* **Data block**:
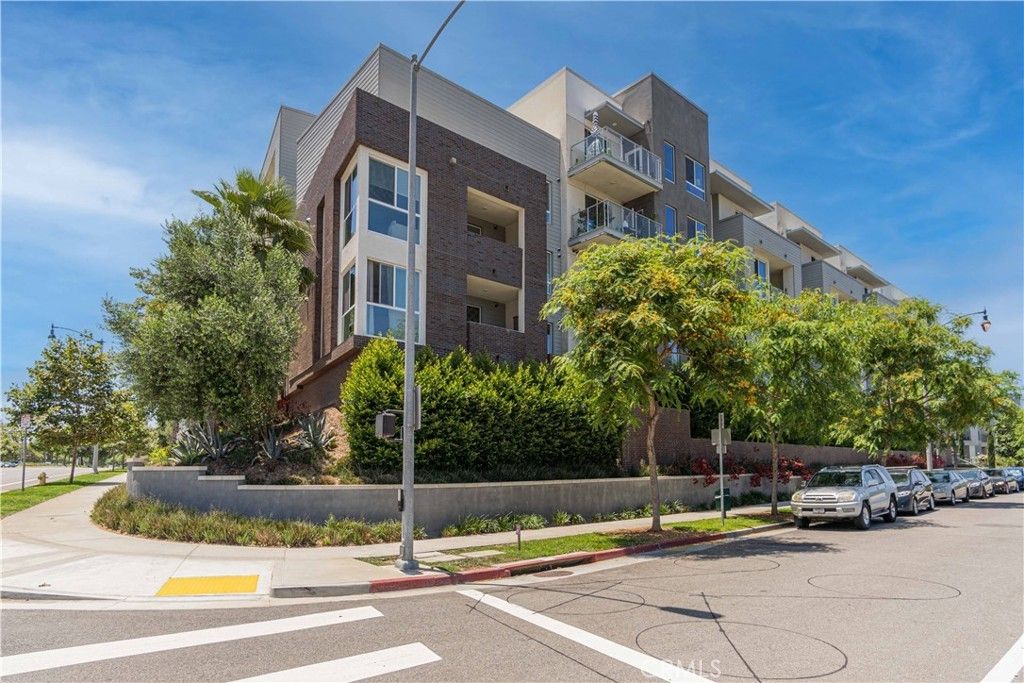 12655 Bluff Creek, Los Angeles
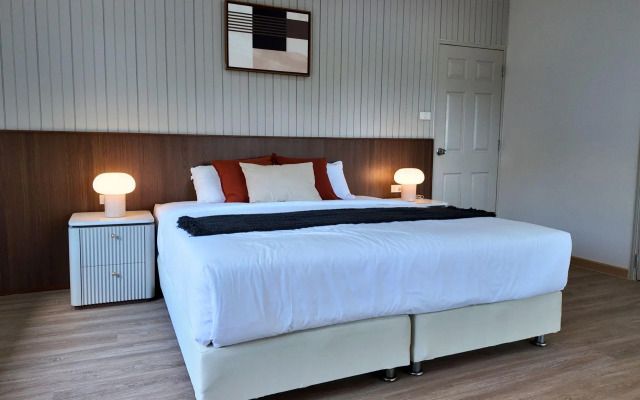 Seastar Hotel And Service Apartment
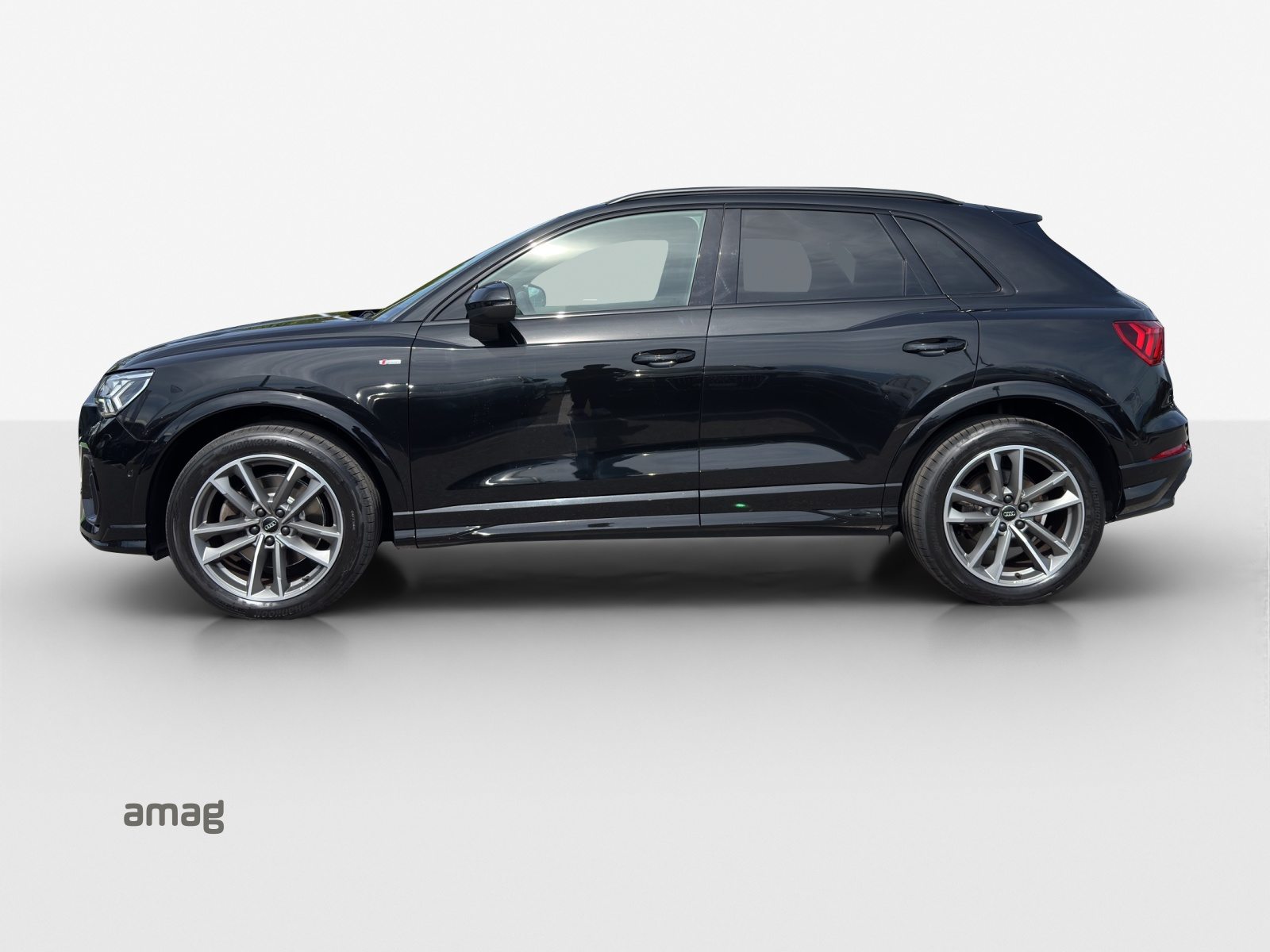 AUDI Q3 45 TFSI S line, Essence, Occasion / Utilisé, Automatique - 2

* **What the exercise asks**: Restate the data above word for word. Skip every picture.

* **Response to the task**:
 12655 Bluff Creek, Los Angeles
 Seastar Hotel And Service Apartment
 AUDI Q3 45 TFSI S line, Essence, Occasion / Utilisé, Automatique - 2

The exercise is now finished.